> _Exercise inputs_:
************
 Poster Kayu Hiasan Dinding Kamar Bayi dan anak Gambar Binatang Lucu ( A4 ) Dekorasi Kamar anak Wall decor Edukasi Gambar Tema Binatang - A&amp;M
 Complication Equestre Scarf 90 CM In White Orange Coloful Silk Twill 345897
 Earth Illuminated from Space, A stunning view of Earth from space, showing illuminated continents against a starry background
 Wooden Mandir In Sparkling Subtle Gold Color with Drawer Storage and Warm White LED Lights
************
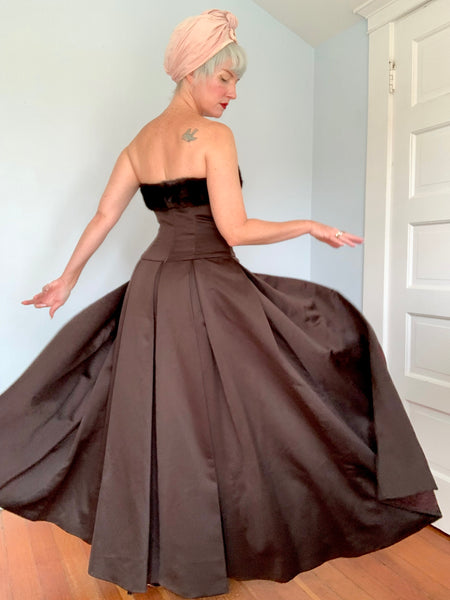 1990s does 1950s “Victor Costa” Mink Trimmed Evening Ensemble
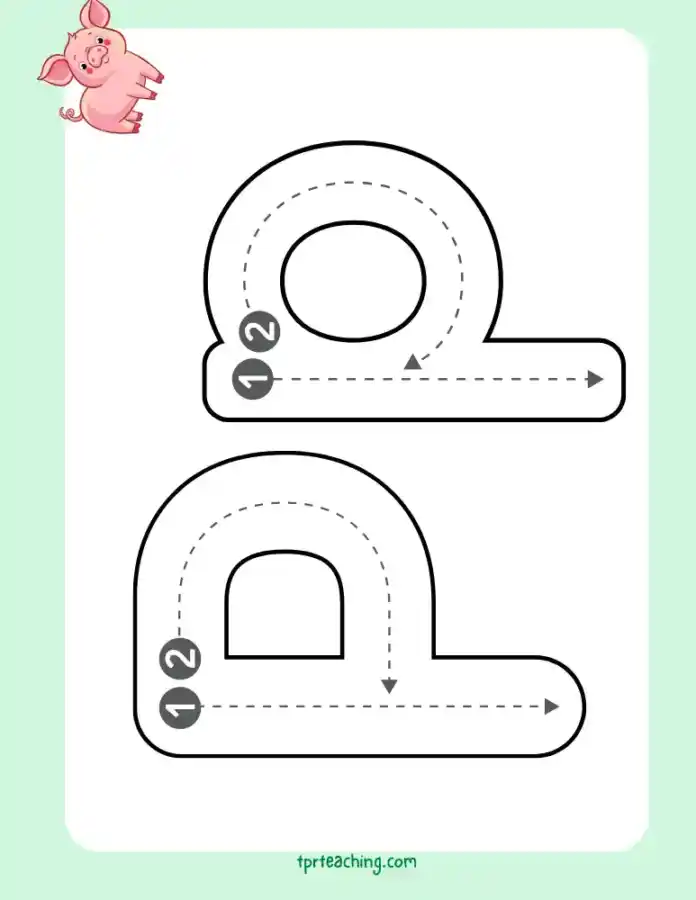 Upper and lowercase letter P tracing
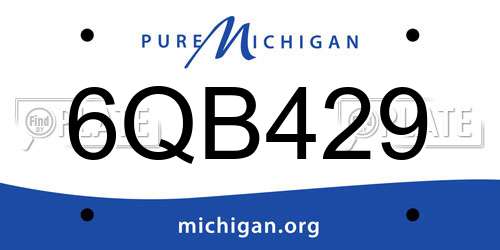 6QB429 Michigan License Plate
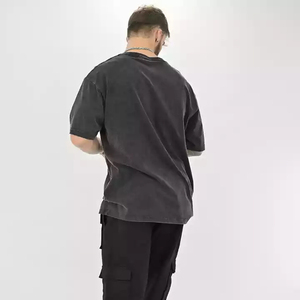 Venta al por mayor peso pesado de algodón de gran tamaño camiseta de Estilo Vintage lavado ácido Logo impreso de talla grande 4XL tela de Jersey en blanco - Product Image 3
************
> _Work required_: Copy every line where the word "White" is present in the entries above.

> _Solution to this exercise_:
 Complication Equestre Scarf 90 CM In White Orange Coloful Silk Twill 345897
 Wooden Mandir In Sparkling Subtle Gold Color with Drawer Storage and Warm White LED Lights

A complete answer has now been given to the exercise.